(DATA SHOWN Opens)

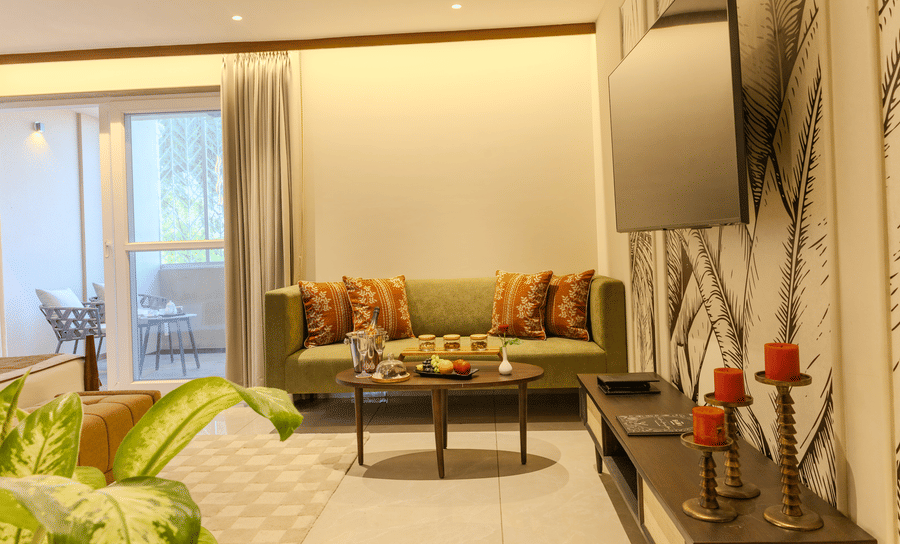 Living area with a cushioned sofa, wooden coffee table and decorative elements in the Imperial Suite at Hotel Bawa, Udaipur.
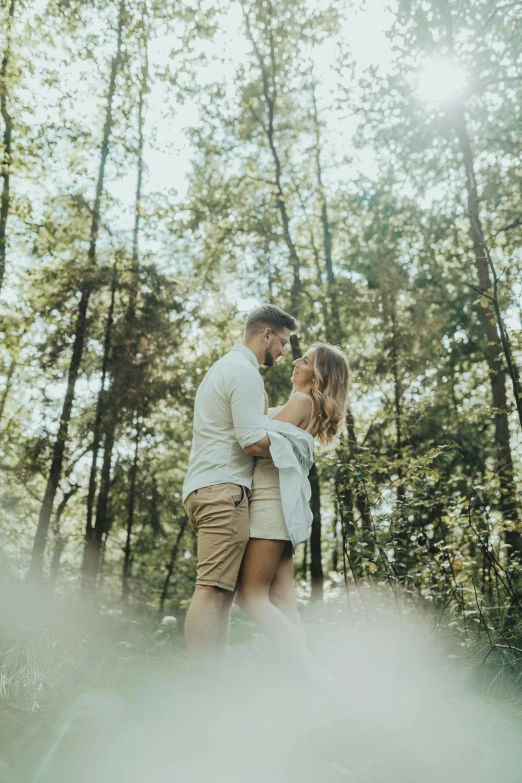 couple emcing in forest surrounded by trees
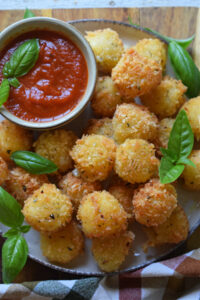 Panko crusted cheese balls with fresh basil.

(DATA SHOWN Closes)

TASK TO CARRY OUT:
The answer should match the data above word for word, with no pictures in it.

RESPONSE TO THIS EXERCISE:
 Living area with a cushioned sofa, wooden coffee table and decorative elements in the Imperial Suite at Hotel Bawa, Udaipur.
 couple emcing in forest surrounded by trees
 Panko crusted cheese balls with fresh basil.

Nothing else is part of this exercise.